▶ _Exercise directions_
Transcribe only the part of the material below that begins at the line containing "Formally, we can" and ends at the line containing "Here we have", with both kept and images left out.

=== Section Start ===

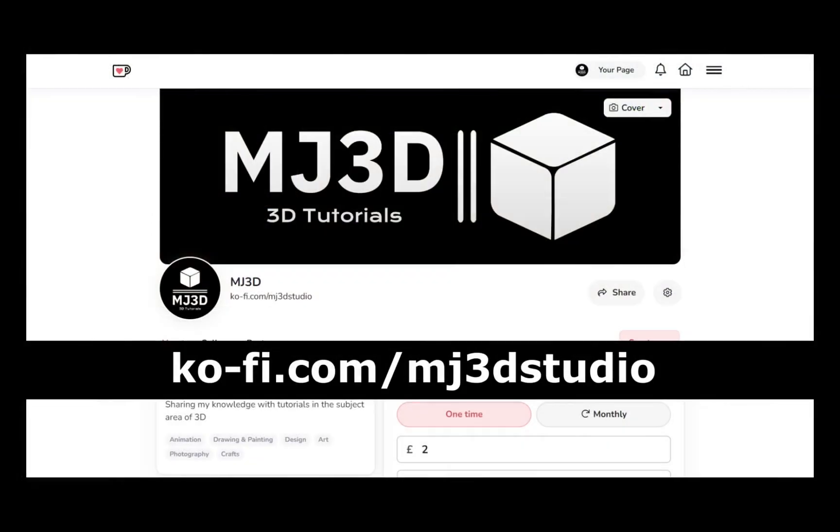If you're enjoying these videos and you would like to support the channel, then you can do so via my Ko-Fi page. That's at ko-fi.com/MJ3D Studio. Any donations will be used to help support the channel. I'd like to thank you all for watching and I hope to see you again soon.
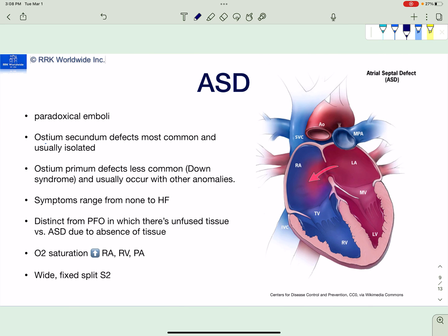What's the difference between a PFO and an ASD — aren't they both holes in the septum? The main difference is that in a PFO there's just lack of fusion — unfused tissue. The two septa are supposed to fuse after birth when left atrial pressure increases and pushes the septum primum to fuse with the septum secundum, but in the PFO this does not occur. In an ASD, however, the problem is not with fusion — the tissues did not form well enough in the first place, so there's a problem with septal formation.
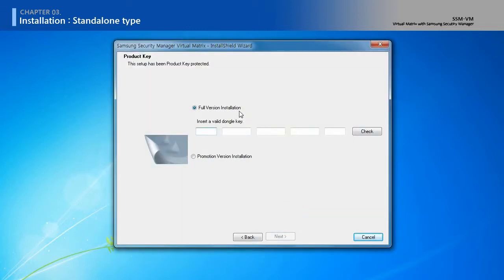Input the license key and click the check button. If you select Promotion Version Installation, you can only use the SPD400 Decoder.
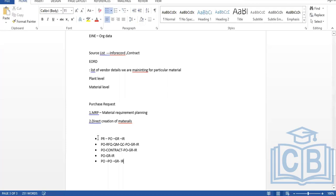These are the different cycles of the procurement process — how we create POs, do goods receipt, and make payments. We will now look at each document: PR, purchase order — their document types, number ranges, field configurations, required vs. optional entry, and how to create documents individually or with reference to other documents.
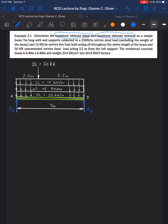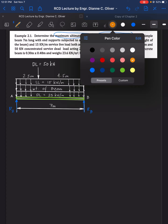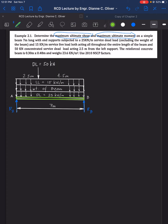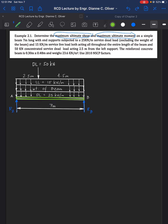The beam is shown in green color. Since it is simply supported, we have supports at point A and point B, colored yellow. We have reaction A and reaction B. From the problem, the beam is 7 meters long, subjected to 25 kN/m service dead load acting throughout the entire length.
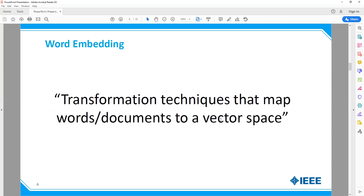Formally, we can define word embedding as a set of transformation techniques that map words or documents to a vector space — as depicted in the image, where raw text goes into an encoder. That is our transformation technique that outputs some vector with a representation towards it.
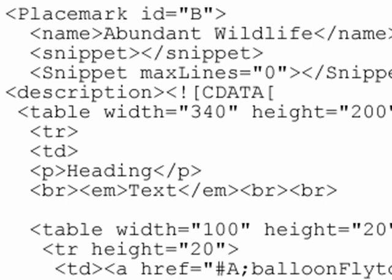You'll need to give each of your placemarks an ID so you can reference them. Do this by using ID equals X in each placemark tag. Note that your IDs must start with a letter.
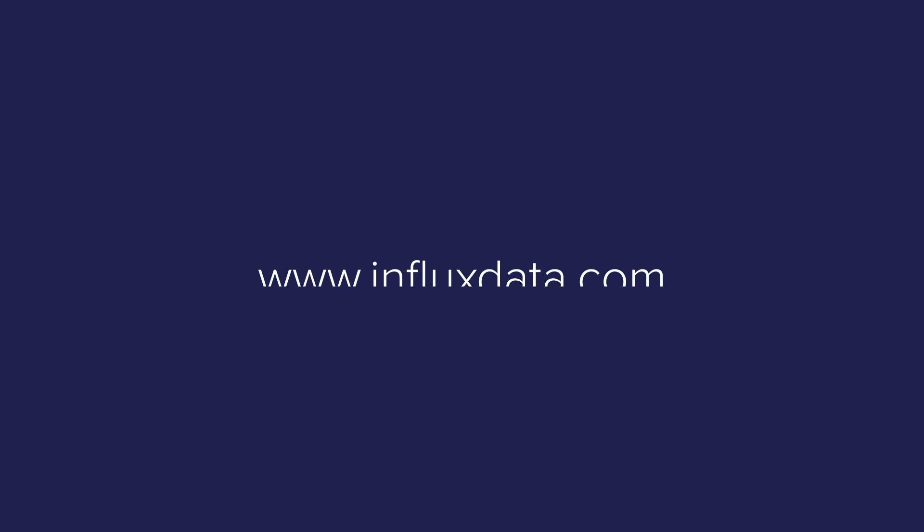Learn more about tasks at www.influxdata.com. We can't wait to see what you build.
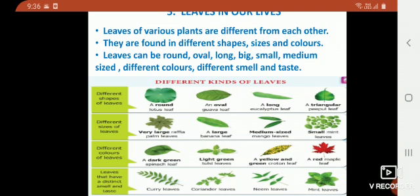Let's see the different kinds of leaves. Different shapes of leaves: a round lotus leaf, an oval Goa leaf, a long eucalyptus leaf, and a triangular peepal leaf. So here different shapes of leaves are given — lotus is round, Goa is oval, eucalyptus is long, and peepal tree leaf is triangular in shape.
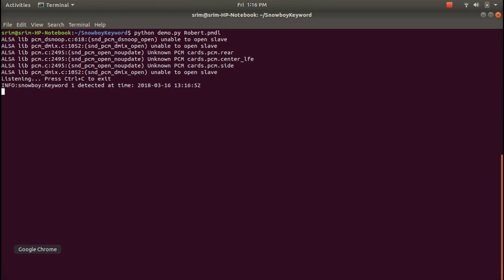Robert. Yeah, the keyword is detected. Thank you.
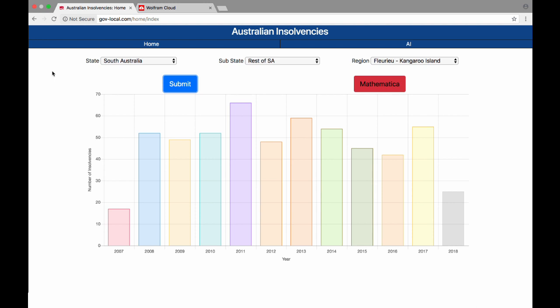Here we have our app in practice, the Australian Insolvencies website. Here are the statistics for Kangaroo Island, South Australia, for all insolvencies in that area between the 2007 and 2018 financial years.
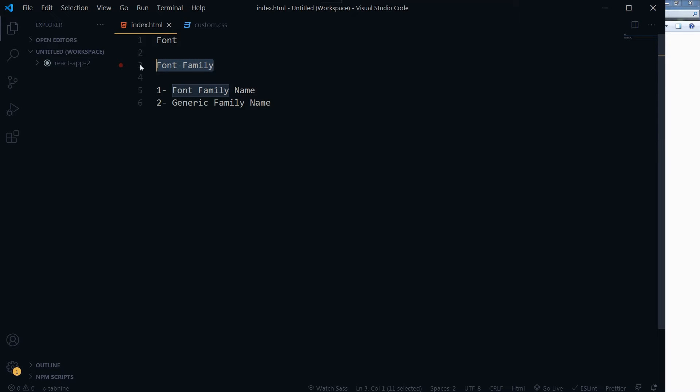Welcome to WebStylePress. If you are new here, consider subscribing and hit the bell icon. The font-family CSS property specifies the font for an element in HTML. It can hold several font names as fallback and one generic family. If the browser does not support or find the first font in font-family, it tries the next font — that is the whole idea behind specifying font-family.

=== Section End ===
=== Section Start ===

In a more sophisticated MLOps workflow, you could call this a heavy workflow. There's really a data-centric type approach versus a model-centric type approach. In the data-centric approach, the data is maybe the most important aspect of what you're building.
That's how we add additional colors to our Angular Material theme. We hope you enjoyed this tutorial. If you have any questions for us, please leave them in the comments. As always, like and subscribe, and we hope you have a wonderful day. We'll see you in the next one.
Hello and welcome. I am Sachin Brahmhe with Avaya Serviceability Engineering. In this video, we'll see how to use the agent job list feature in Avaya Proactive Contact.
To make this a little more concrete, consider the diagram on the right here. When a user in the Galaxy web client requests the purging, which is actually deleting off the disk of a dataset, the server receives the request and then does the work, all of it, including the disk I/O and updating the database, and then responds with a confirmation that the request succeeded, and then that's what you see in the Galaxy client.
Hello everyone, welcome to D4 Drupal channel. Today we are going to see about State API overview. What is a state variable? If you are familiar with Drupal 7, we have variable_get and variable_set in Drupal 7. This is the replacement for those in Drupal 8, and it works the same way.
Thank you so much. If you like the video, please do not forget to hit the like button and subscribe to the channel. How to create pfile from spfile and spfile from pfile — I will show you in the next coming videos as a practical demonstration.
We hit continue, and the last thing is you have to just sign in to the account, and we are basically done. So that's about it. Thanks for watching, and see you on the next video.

=== Section End ===

▶ _Task output_
Formally, we can define word embedding as a set of transformation techniques that map words or documents to a vector space — as depicted in the image, where raw text goes into an encoder. That is our transformation technique that outputs some vector with a representation towards it.
You'll need to give each of your placemarks an ID so you can reference them. Do this by using ID equals X in each placemark tag. Note that your IDs must start with a letter.
Learn more about tasks at www.influxdata.com. We can't wait to see what you build.
Let's see the different kinds of leaves. Different shapes of leaves: a round lotus leaf, an oval Goa leaf, a long eucalyptus leaf, and a triangular peepal leaf. So here different shapes of leaves are given — lotus is round, Goa is oval, eucalyptus is long, and peepal tree leaf is triangular in shape.
Robert. Yeah, the keyword is detected. Thank you.
Here we have our app in practice, the Australian Insolvencies website. Here are the statistics for Kangaroo Island, South Australia, for all insolvencies in that area between the 2007 and 2018 financial years.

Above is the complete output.